Enough of politics, though. Thanksgiving is only a few days away, and we have so much to be thankful for in Northwestern Illinois. Yes, it’s cold (at least we’re not buried under 7 plus feet of snow like Buffalo, NY, right?), and, yes, the vibrant fall leaves are all but gone; still, I wouldn’t choose another state to live in. The people from this district—the farmers, the small businessmen and women, the school teachers and administrators, law enforcement and firefighters —are some of the hardest working people I know. You and many others are the reason I chose to go to Springfield, to fight for your economic and political good. As we all give thanks this Thursday, I want you to know that you and all the people in this district will be at the top of my list of things to be thankful for. I couldn’t ask for a better group of people to work with and to serve.
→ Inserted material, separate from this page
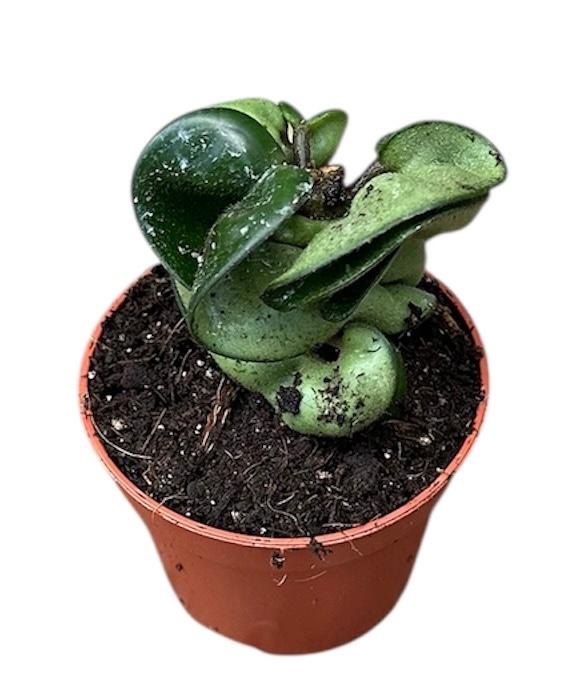 Hoya Overig Compacta Carnosa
Greek philosopher Epicurus once said “do not spoil what you have by desiring what you have not; remember that what you now have was once among the things you only hoped for.” We may have much we want to change in the state, but this week as we reflect on all we’ve been given, let’s remember how good we here in Northwestern Illinois have it, the friends, the family, the bountiful harvest, and the freedom to live, speak, and worship as we choose.